What you will do
The copy should hold only the line containing "Used 2023 Toyota Camry LE image 7" and the lines after it through the end of the material, each exact, with no pictures.
##### Dataset records
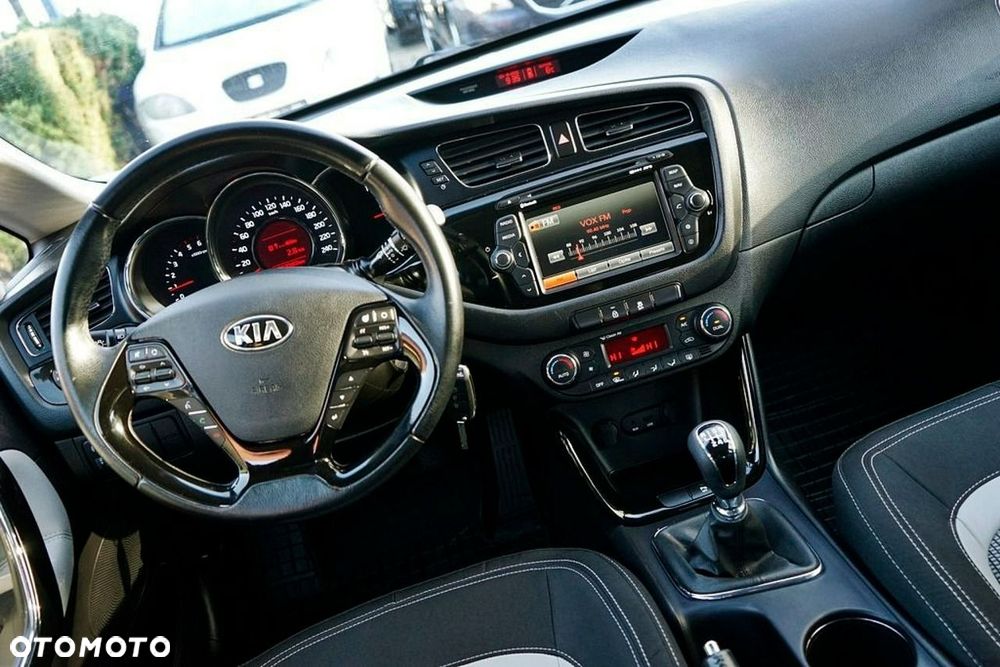 Kia Ceed - 24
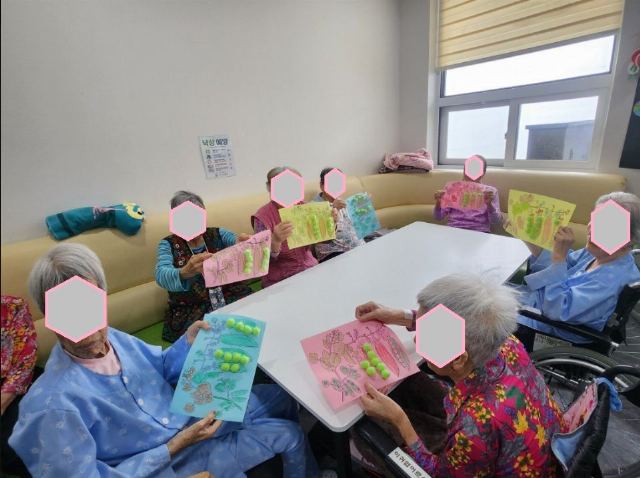 (주)늘품부모요양원 ★7월 미술~★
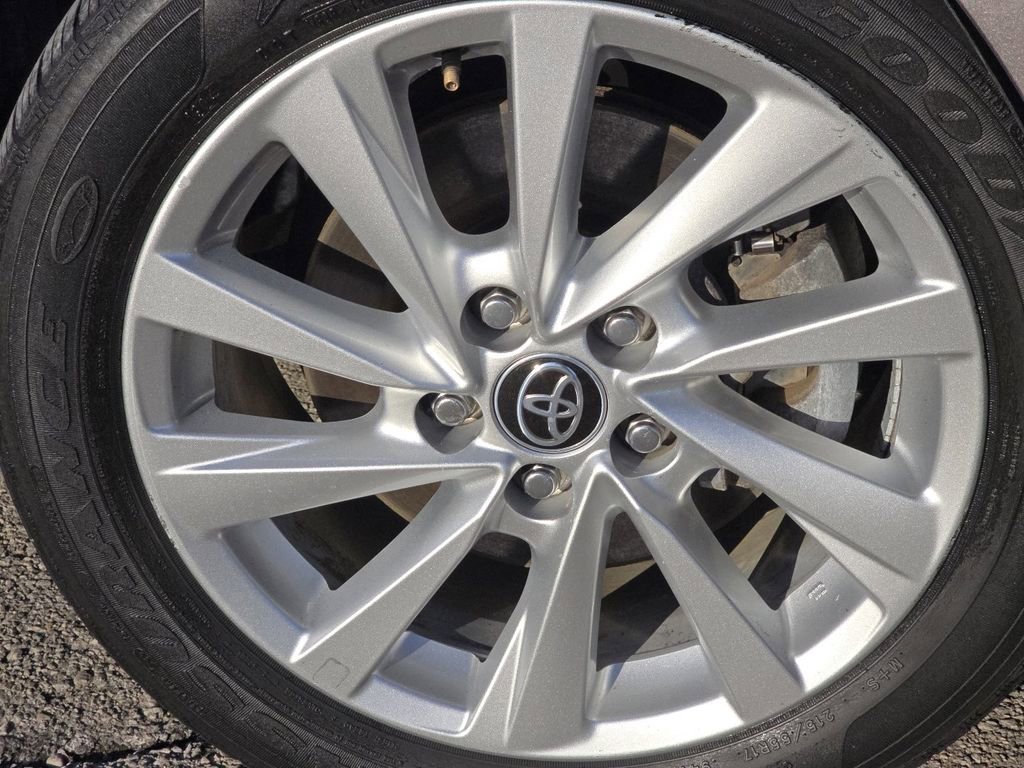 Used 2023 Toyota Camry LE image 7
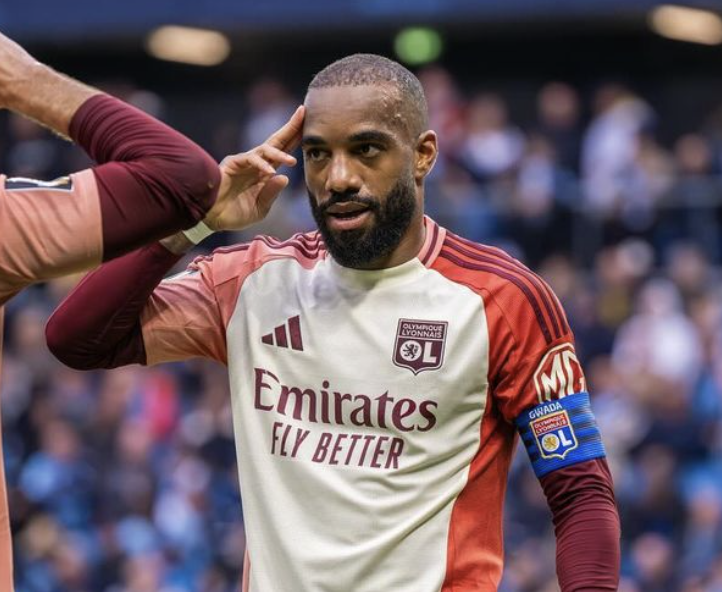 Alexandre Lacazette mais ses doigts sur le front pour faire le signe de l’armée après son but avec l’Olympique Lyonnais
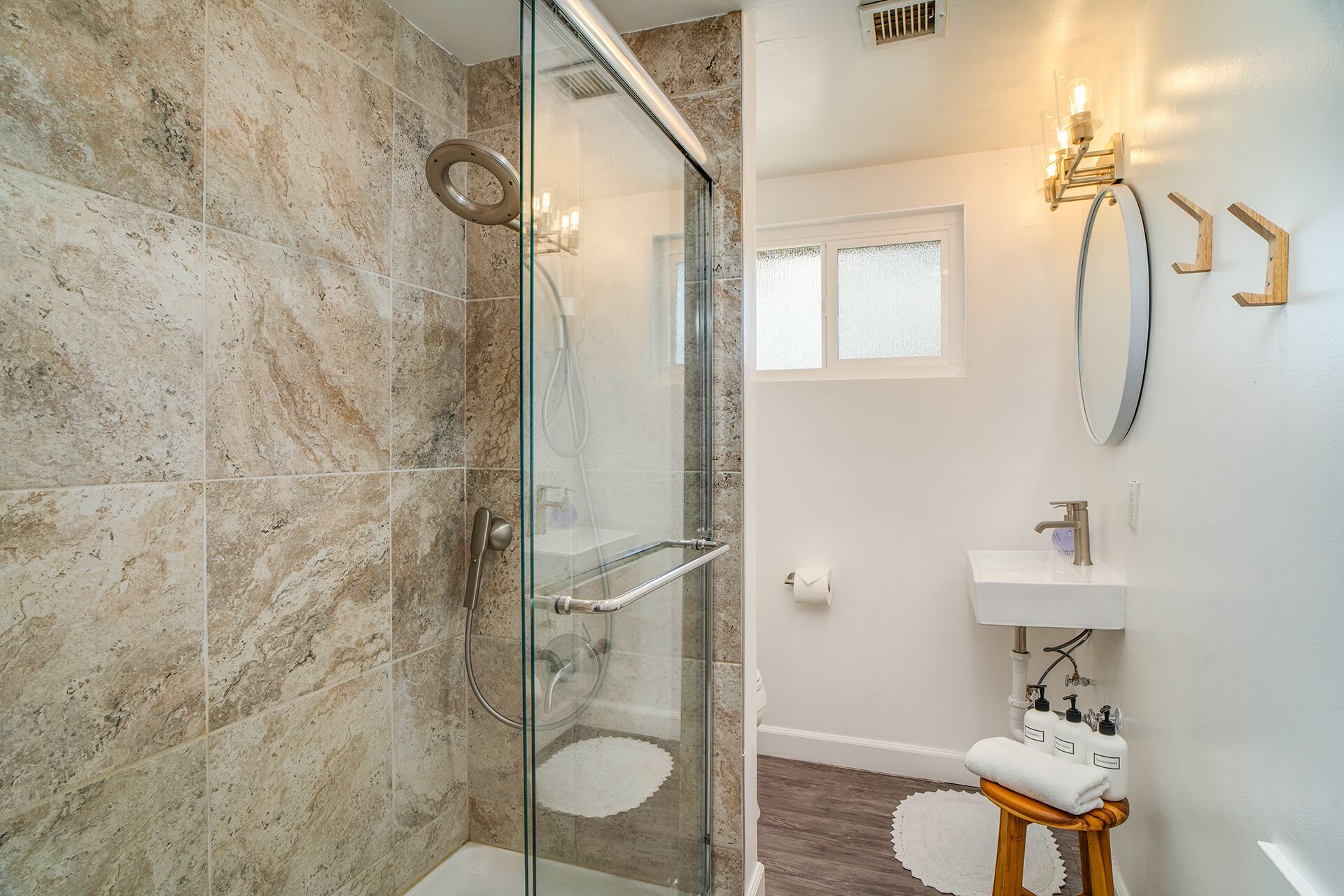 ★Hot tub under the stars★ 3 King Beds, Desert Views, Fire Pit, Fast Wifi, Tesla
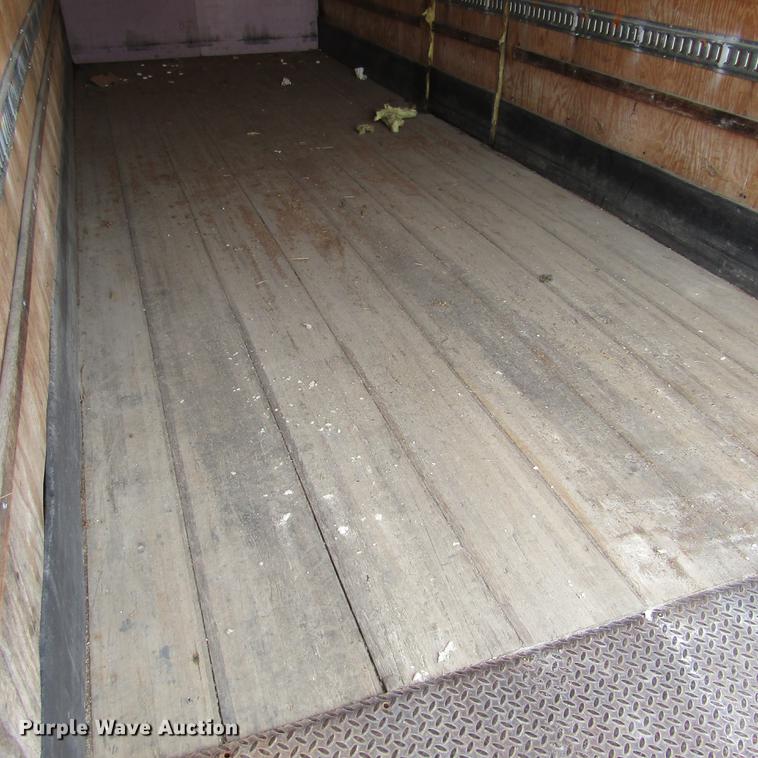 image for item DD2675 2005 International 4300 box ruck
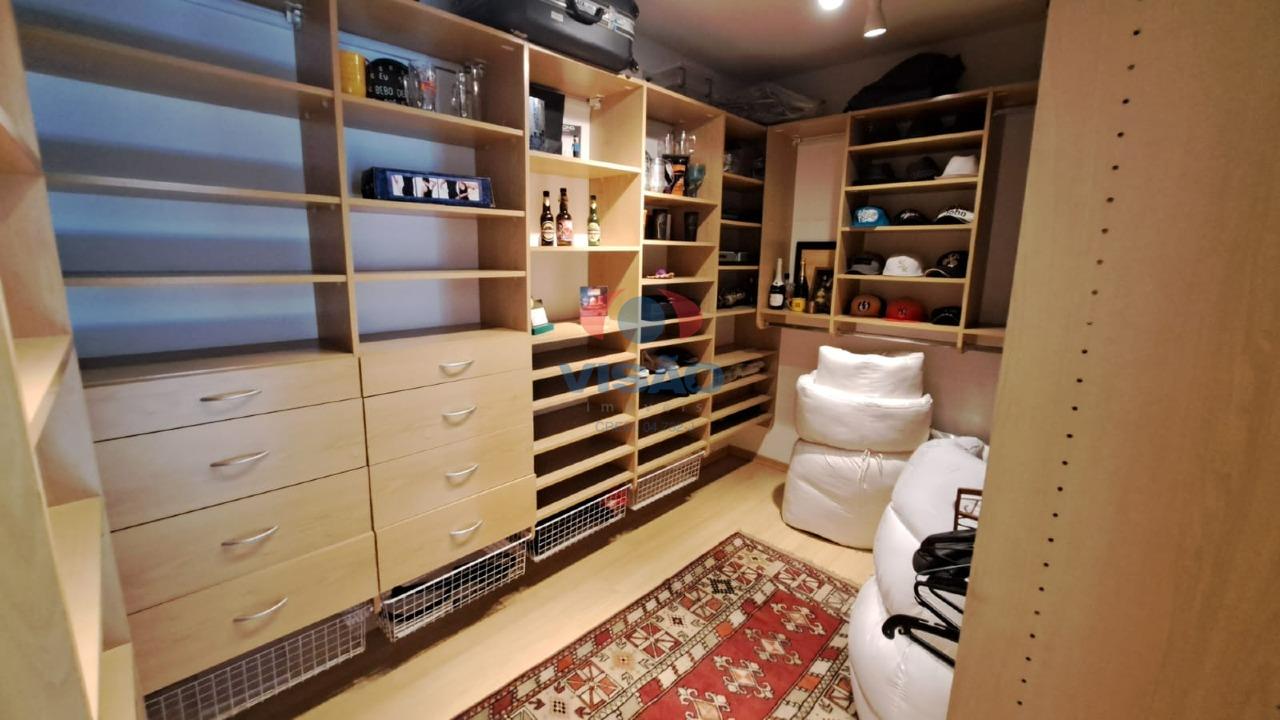 Chácara em condomínio à venda no Vale das Laranjeiras: CLOSET - CASA PRINCIPAL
##########
Response to the task
 Used 2023 Toyota Camry LE image 7
 Alexandre Lacazette mais ses doigts sur le front pour faire le signe de l’armée après son but avec l’Olympique Lyonnais
 ★Hot tub under the stars★ 3 King Beds, Desert Views, Fire Pit, Fast Wifi, Tesla
 image for item DD2675 2005 International 4300 box ruck
 Chácara em condomínio à venda no Vale das Laranjeiras: CLOSET - CASA PRINCIPAL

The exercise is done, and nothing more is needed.